Describes how messages requesting operation on a collection is are checked against the permission model.
Permissions
The permissions are defined on a pr. certificate basis for each operation or set of operations. See RepositorySettings for detailes model.
To authorise an operation, the request must be signed in order to identify the certificate and which operations it is allowed to perform.
Signing messages
All messages in the system must be signed to ensure that the senders of the messages are who they claim they are and that the messages have not been tampered with.
Because messages are exchanged encapsulated in XML, there are two well defined ways to handle signing of the messages. One is XML Signatures, the other - and somewhat simpler - is Cryptographic Message Syntax - also known as PKCS#7. As one of the objectives is to prevent message tampering, there is no need for the granularity of XML Signatures. Therefore Cryptographic Message Syntax - or CMS for short - is chosen for signing and optionally encrypting messages. The identity of the signer is embedded in the public certificate
The hash algorithm for the generation of the message hash is SHA512. The signing certificate is excluded from the signature to reduce the size.

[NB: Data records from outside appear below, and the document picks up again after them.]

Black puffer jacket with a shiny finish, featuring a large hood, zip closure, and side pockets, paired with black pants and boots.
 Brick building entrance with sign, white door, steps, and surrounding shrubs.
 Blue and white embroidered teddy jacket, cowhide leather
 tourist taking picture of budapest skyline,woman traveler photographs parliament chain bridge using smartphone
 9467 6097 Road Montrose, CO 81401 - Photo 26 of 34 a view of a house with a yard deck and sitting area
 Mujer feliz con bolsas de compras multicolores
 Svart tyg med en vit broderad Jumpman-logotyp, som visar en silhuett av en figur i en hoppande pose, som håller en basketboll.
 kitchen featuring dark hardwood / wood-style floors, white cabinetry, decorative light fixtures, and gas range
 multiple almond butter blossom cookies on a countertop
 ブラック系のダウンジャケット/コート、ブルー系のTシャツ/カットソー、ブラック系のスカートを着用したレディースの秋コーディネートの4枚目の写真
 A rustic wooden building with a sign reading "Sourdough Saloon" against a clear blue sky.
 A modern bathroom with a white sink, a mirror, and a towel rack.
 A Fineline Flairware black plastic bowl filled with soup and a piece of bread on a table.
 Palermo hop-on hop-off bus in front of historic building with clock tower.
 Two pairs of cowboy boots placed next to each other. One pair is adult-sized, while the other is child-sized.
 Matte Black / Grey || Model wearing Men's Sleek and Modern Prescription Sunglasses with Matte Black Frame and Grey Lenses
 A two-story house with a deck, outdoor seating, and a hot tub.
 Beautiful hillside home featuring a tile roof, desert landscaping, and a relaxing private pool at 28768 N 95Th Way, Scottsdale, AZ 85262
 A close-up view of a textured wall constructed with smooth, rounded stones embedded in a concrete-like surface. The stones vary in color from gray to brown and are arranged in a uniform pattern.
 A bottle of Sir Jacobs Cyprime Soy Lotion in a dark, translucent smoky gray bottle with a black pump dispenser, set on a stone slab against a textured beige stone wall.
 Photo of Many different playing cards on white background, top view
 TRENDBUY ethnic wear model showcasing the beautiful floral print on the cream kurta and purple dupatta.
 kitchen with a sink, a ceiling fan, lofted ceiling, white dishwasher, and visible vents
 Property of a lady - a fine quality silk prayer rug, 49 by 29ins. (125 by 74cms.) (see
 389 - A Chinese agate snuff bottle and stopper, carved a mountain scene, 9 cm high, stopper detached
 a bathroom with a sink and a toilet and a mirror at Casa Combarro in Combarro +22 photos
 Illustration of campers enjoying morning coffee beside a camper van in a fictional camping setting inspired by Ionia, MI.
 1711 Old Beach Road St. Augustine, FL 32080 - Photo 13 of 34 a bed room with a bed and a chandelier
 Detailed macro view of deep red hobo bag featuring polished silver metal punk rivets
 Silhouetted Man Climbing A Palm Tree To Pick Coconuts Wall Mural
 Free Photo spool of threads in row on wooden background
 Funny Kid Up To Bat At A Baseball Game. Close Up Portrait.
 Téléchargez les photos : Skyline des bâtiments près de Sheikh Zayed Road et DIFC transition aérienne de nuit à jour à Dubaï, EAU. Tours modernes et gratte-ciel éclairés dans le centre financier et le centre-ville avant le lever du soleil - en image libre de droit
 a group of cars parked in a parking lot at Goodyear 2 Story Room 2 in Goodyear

The message signature is calculated on the message xml interpreted as a utf-8-encoded byte stream and transmitted, base 64-encoded, in the message header org.bitrepository.messages.signature
Signature generation and verification
To generate a signature openssl can be used:
openssl smime -sign -md sha512 -binary -nocerts -noattr -in message -out new.sig -outform der -inkey pkey.pem -signer cert.pem
Where:
- message is a file with the message to create a signature for
- new.sig is a file containing the signature
- pkey.pem is a file containing the signers private key
- cert.pem is a file containing the signers certificate
To verify a signature with openssl the following can be used:
openssl smime -verify -in new.sig -inform der -noverify -content message -certfile cert.pem
Where:
- message is a file with the message to create a signature for
- new.sig is a file containing the signature (binary data, not base64 encoded)
- cert.pem is a file containing the signers certificate (ID of the certificate used for signing can be extracted from the signature it self. This can be used to obtain the signing certificate from the components trust).